For much of the 2 1/2 -hour Opera Naples production last weekend, Trevino was onstage and relishing the rake’s role every minute of it. Melodic, devilishly charming and expressive, Trevino was a perfect choice for Opera Naples’ — and his own — premiere of the work. His portrayal was was ear and eye candy for the audience.
It’s not that Trevino didn’t have competition from the rest of the cast in this production last Friday and Sunday at the Performing Arts Hall of Gulf Coast High School. Amanda Hall, the wronged Donna Anna, has a sparkling soprano voice and solid stage presence. Jason Hardy, although he had trouble projecting his bass over full-orchestra volume, makes Leporello, the don’s long-suffering servant, a solid comic character that wins his own fan base. Everyone, in fact, gets a turn to steal the show: Shawnette Sulker, as Zerlina, another potential Don conquest, is the right combination of coquettish and steadfast, with a sweet soprano voice. Even the second-level role of Don Ottavio, Donna Anna’s betrothed, gets much better treatment from Brian Cheney’s strong tenor than the powerless Ottavio probably deserves. It’s an evening worth buying the sound track to, particularly with that strong 29-piece orchestra behind it under the baton of conductor Franz Vote.
Still, there are holes in the production, first noticeable from a set that doesn’t live up to its translocation to late 18th-century New Orleans. If the architecture is meant to portray its pre-fire wooden cottages of the early 1780s, the stucco look doesn’t seem in sync with the history. With the stucco-clad brick dwellings that followed the great fire of 1788, wrought iron — not the wooden look in this set — became the material of choice for balconies. What’s onstage doesn’t fit clearly in either category. Nor is there a nod to the verdant heritage of New Orleans, which could have been at least a bit better attempted with a few flower boxes on those porch rails.
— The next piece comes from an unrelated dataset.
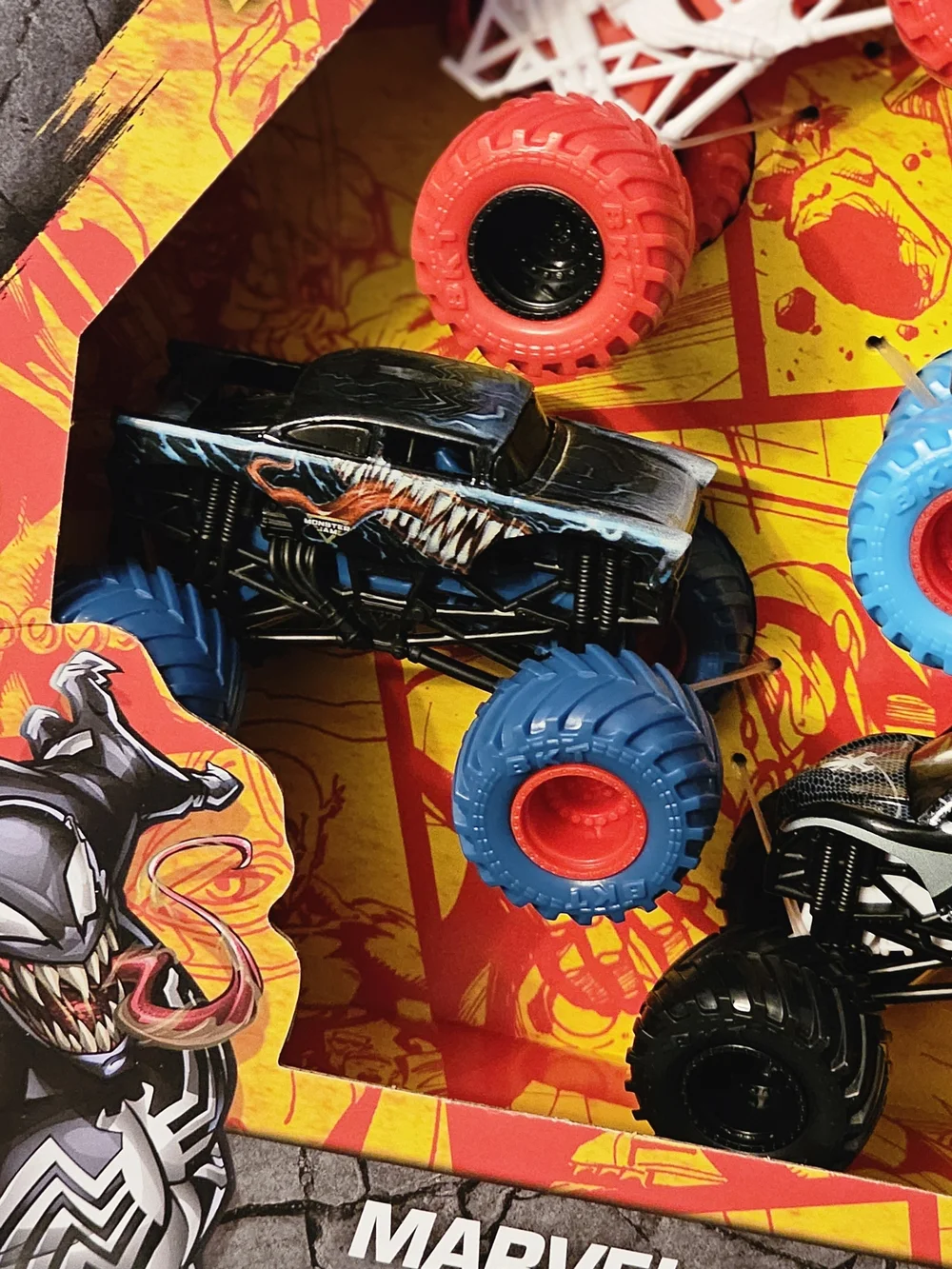 Monster Jam Marvel Super Heroes Spiderman And Venom 5 Truck Set 1:64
There also are some disconnects between Robert Swedberg’s direction and the story line: It would have helped for the program to reveal that Donna Anna is a willing accomplice in orgasm at the beginning of the play because she thinks the masked male seducer in her bedroom is her fiance.
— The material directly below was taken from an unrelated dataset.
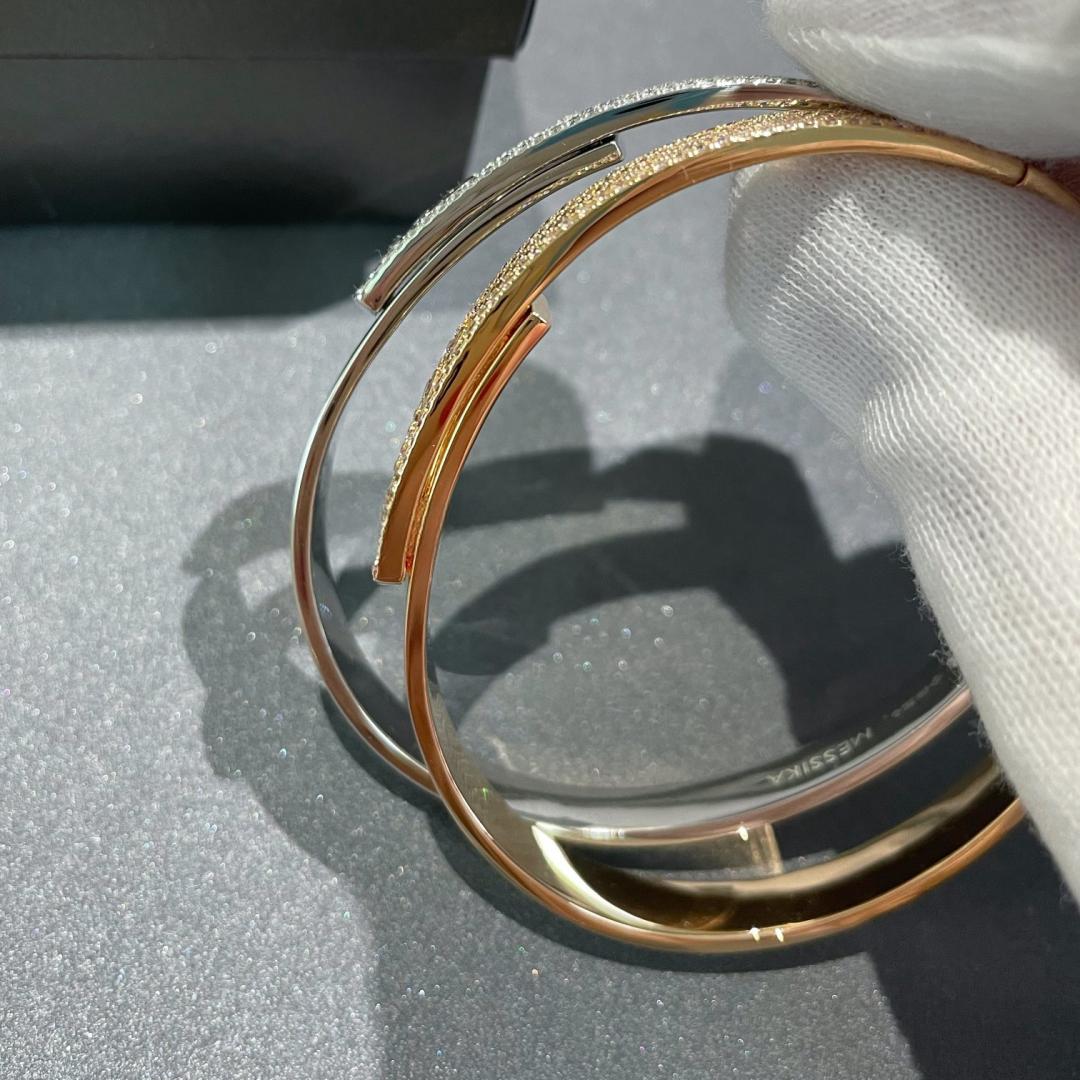 [Avelora]MOVE NOA PAVÉ DIAMOND BANGLE BRACELET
Nor could this production surmount the drawback of Mozartian era recitatives, those sung conversations that can be deadly in stand-and-sing posture. There was too much of it going on here. Whether the performing arts like it or not, the bar has been raised and the attention span diminished in 21st-century audiences raised on car chases, frenetic characters, drop-down boxes and pull-out videos. Even a new opera audience has been developed — or spoiled, choose one — by the Metropolitan Opera HD series with cameras that zoom in for close-ups, race along tracks to feed the illusion of motion and that boast highly ornate (Franco Zeferelli’s “Turandot”) or supersonically stylized (Robert LePage’s “Ring” cycle) sets.